In-Person Poster presentation / poster accept
How gradient estimator variance and bias impact learning in neural networks
Arna Ghosh · Yuhan Helena Liu · Guillaume Lajoie · Konrad P Kording · Blake A Richards
MH1-2-3-4 #133
Keywords: [ credit assignment ] [ learning and plasticity ] [ Gradient approximation ] [ computational neuroscience ] [ Neuromorphic computing ] [ Imperfect gradient descent ] [ Biologically-plausible learning ] [ neural networks ] [ Neuroscience and Cognitive Science ]

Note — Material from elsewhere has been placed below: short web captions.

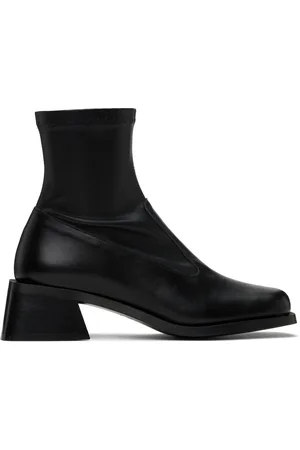 Justine Clenquet Bottes Nico noires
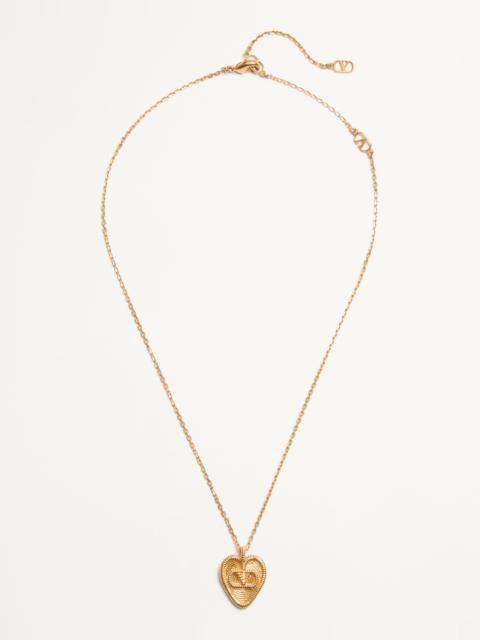 FIL PERDU METAL NECKLACE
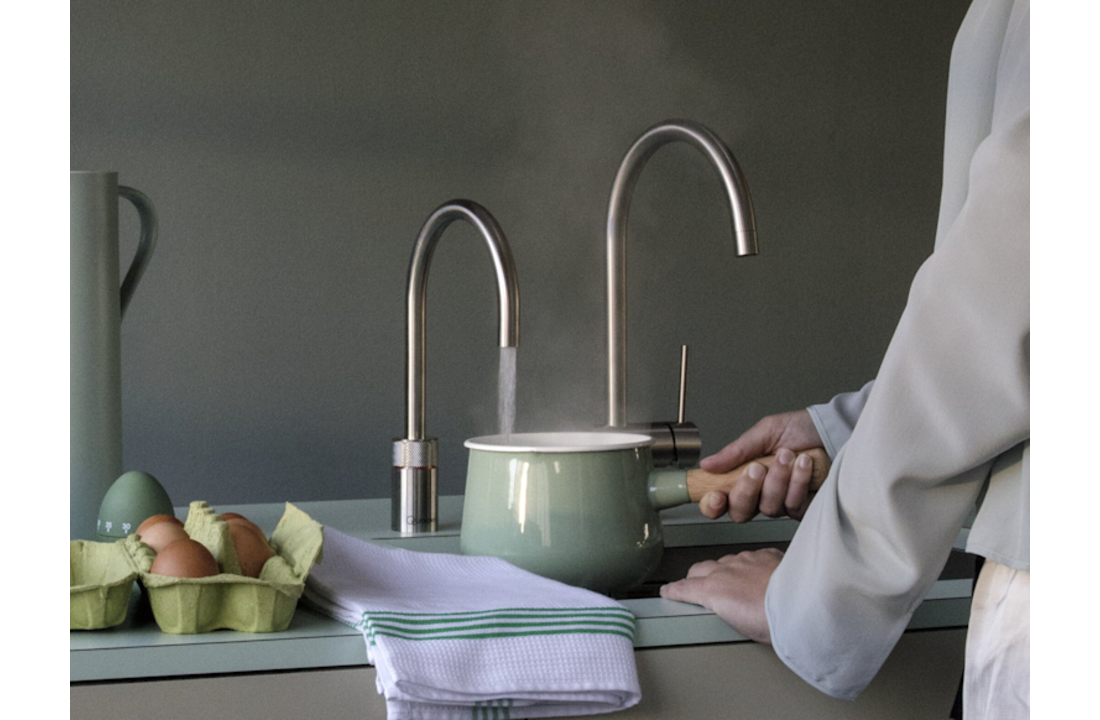 Quooker Nordic Round RVS (Losse kraan) - Kokendwaterkraan.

There is growing interest in understanding how real brains may approximate gradients and how gradients can be used to train neuromorphic chips. However, neither real brains nor neuromorphic chips can perfectly follow the loss gradient, so parameter updates would necessarily use gradient estimators that have some variance and/or bias. Therefore, there is a need to understand better how variance and bias in gradient estimators impact learning dependent on network and task properties. Here, we show that variance and bias can impair learning on the training data, but some degree of variance and bias in a gradient estimator can be beneficial for generalization. We find that the ideal amount of variance and bias in a gradient estimator are dependent on several properties of the network and task: the size and activity sparsity of the network, the norm of the gradient, and the curvature of the loss landscape. As such, whether considering biologically-plausible learning algorithms or algorithms for training neuromorphic chips, researchers can analyze these properties to determine whether their approximation to gradient descent will be effective for learning given their network and task properties.